The United States wanted to build the Panama Canal to shorten the ocean journey from the East Coast to the West Coast. Instead of making the long voyage around the southern tip of South America, ships could make the trip in less than half the time.
The discovery of gold in California in 1848 spurred interest in creating a shorter link between the Atlantic and Pacific Oceans. The Panama Railway, which opened in 1855, first bridged the gap, but politicians, businessmen and military personnel all saw an all-water passage as the ideal solution. Early plans suggested a route through Nicaragua, but President Roosevelt and the U.S. Senate abandoned this option in favor of Panama.
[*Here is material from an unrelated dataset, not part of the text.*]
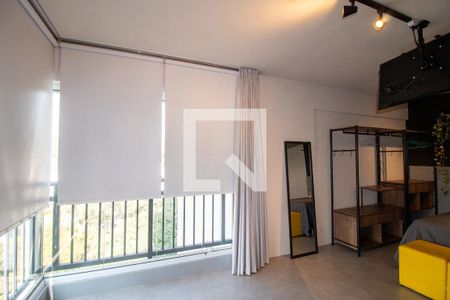Sala/Quarto de apartamento à venda com 1 quarto, 37m² em Vila Gomes, São Paulo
The French were the first to attempt the canal-building in Panama. From 1881 to 1884, French construction crews labored with heavy equipment over mountains and through jungles and swamps. They had to put up with not only the difficult terrain, but also ubiquitous mosquitoes carrying malaria and yellow fever. Failing in their attempt, the French sold the equipment and rights to the canal to the Americans. Panama was then part of Colombia. When Roosevelt's government had difficulty negotiating a treaty with the Colombians, the U.S. allied with some Panamanian businessmen and arranged a revolution. Within a few days, Panama declared its independence, and within a few months, it signed a treaty with the United States for the construction of the canal. The construction took 10 years, from 1904 to 1914.